Marcelo Bernabéu

Personal information
- Full name: Marcelo Bernabéu de Yeste
- Date of birth: 10 July 1893
- Place of birth: Almansa, Spain
- Date of death: 13 June 1973 (aged 79)
- Place of death: Spain
- Position: Defender

Senior career*
- Years: Team / Apps / (Gls)
- 1910–1915: Madrid FC / 17 / (0)

Medal record
Men's football
Representing Spain
Campeonato Regional
| Gold medal – first place | Champion |  |

= Marcelo Bernabéu =

Spanish footballer (1893–1973)

Marcelo Bernabéu de Yeste (10 July 1893 – 13 June 1973) was a Spanish association footballer who played as a defender for Madrid FC. He was the elder brother of Santiago Bernabéu, who later became one of the club's most important players and served as its president for 35 years.

==Early life==

Marcelo Bernabéu de Yeste was born on 10 July 1893 in Almansa, in the province of Albacete, Spain.
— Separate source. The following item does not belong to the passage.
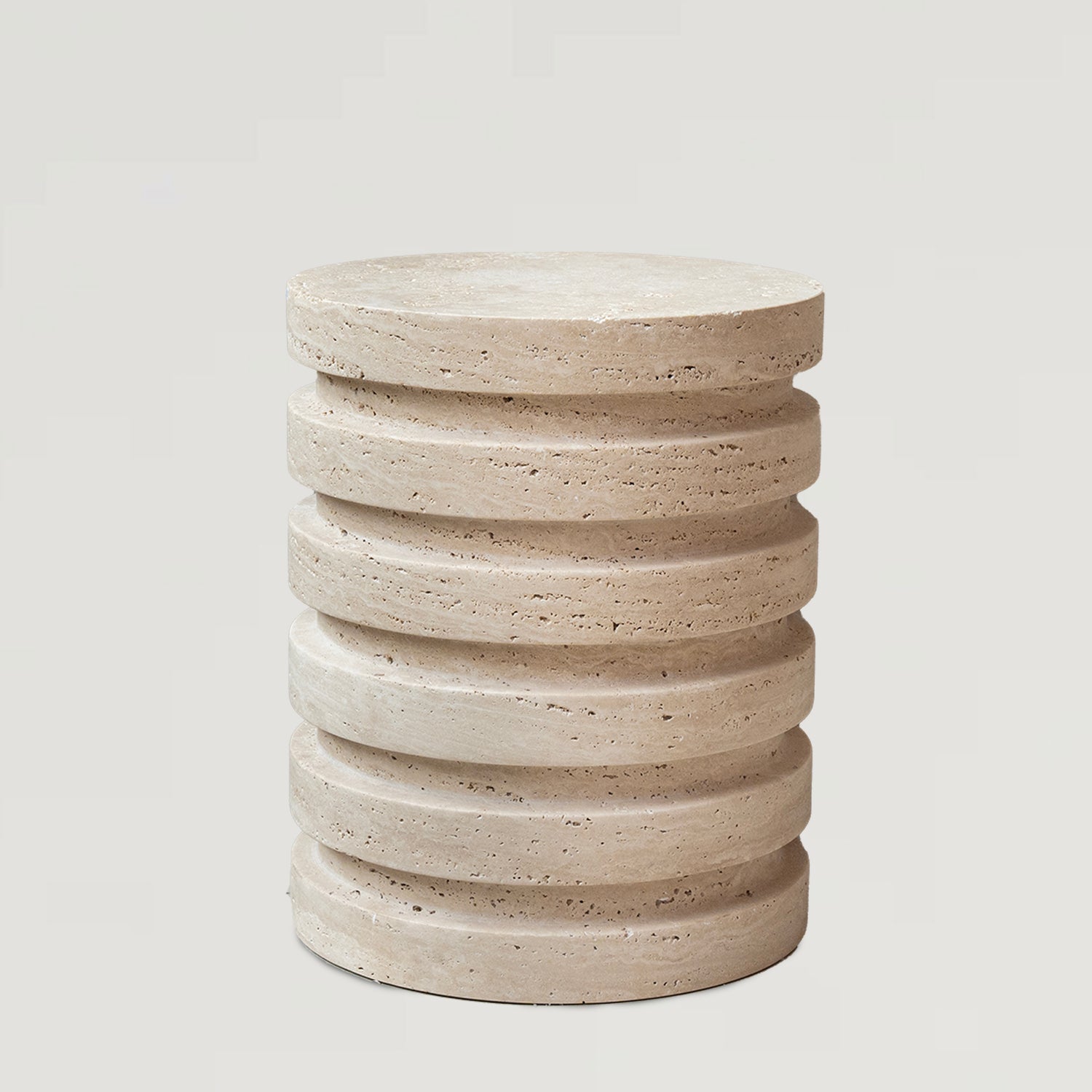 Layered travertine side table with sculptural stone base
He was one of the sons of the Bernabéu family and the elder brother of Santiago Bernabéu. Both brothers developed an interest in football while studying at the Real Colegio Alfonso XII in San Lorenzo de El Escorial.

==Football career==

Bernabéu played as a defender for Madrid FC, the club that later became Real Madrid. The official history of Real Madrid lists him as a first-team player between 1910 and 1915 and credits him with 17 appearances and one Campeonato Regional title.
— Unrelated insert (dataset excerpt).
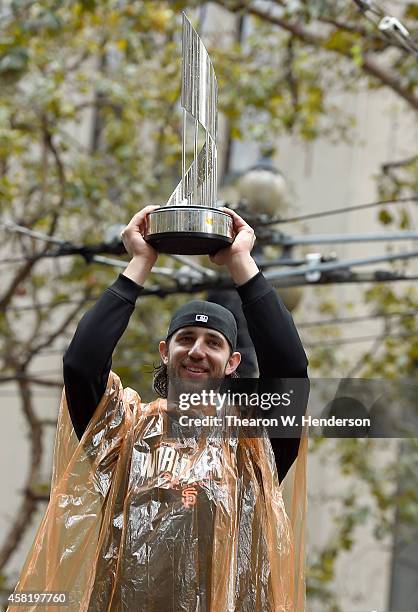 World Series MVP Madison Bumgarner of the San Francisco Giants, shows his MVP trophy to the crowd along the parade route during the San Francisco...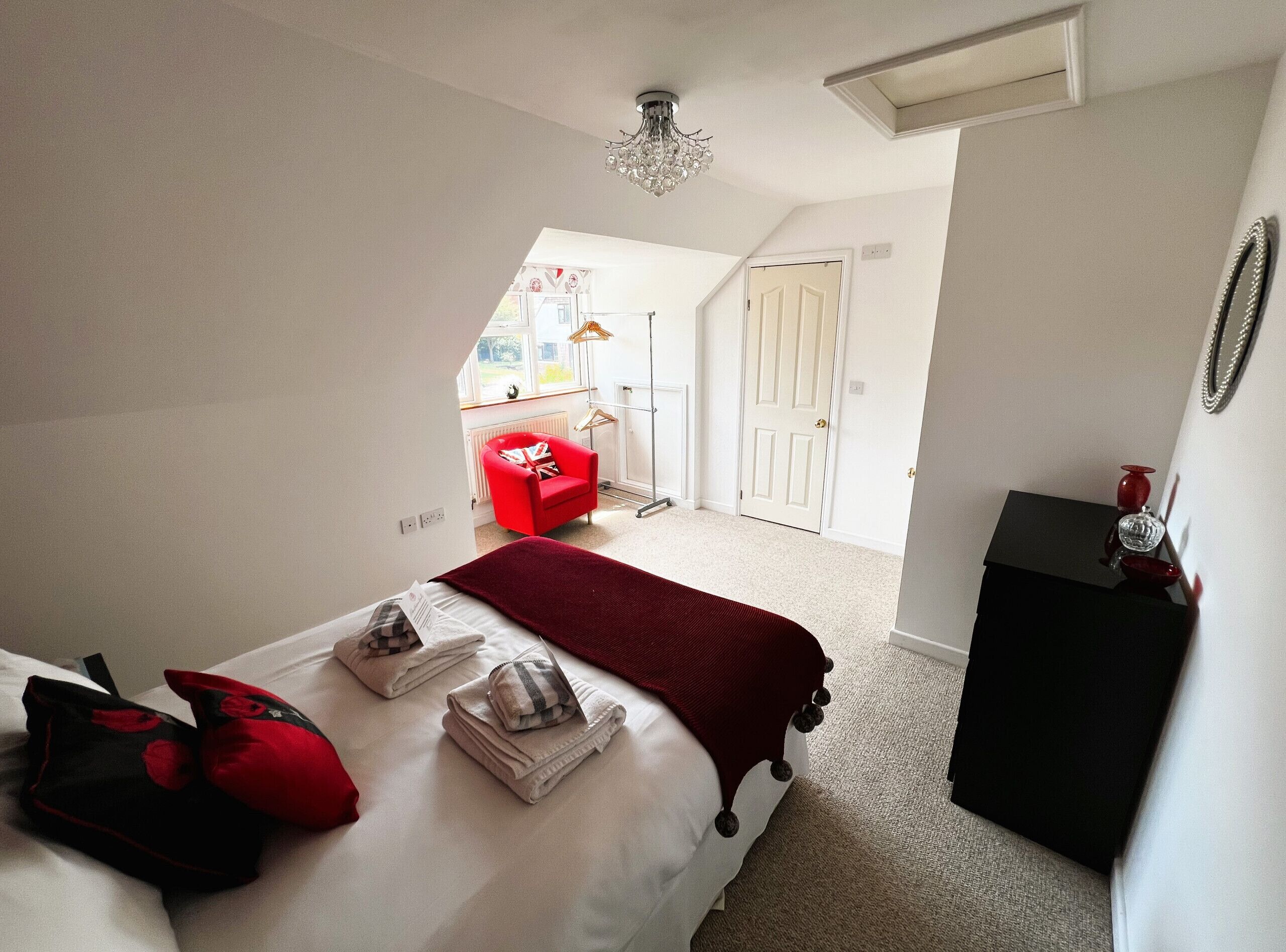 Un dormitorio con una cama bien hecha, un sillón rojo y un aparador negro.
He was part of the Madrid FC squad during the early 1910s, when the club competed in the Campeonato Regional Centro and the Copa del Rey. Historical match records identify Bernabéu in the Madrid FC team that played FC Barcelona in 1913. He also played in Madrid's 1913 Copa del Rey semi-final against Athletic Bilbao, which Madrid FC lost 3–0.
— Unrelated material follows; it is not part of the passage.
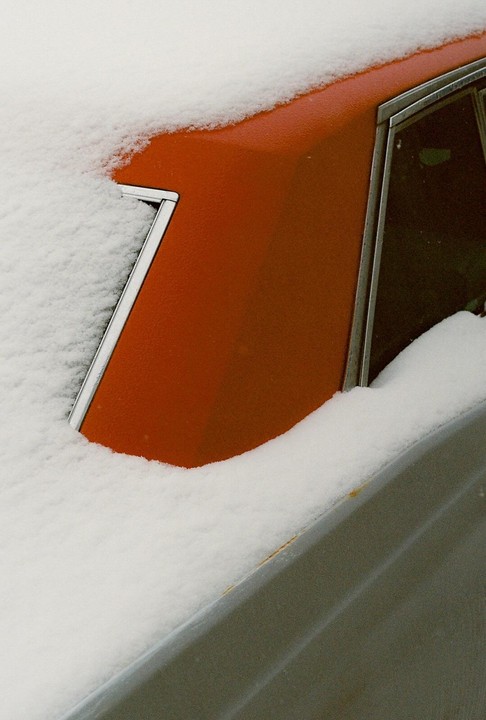 A red car is partially covered in snow, with a window visible on the right side.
The 1913 semi-final was notable for Bernabéu's performance in defence. Contemporary historical accounts of Madrid FC's early history describe him as one of the team's defenders in the match against Athletic Bilbao.

Bernabéu was also listed in the Madrid FC squad for the 1912–13 season alongside his younger brother Santiago Bernabéu.

==Later life and death==

Bernabéu died on 13 June 1973, aged 79.

==Honours==

Madrid:
- Campeonato Regional de Madrid:
  - 1912–13

==Personal life==

Bernabéu was the elder brother of Santiago Bernabéu, who became a prominent Madrid FC player before serving as president of Real Madrid from 1943 until his death in 1978. The two brothers played together for Madrid FC during the early 1910s.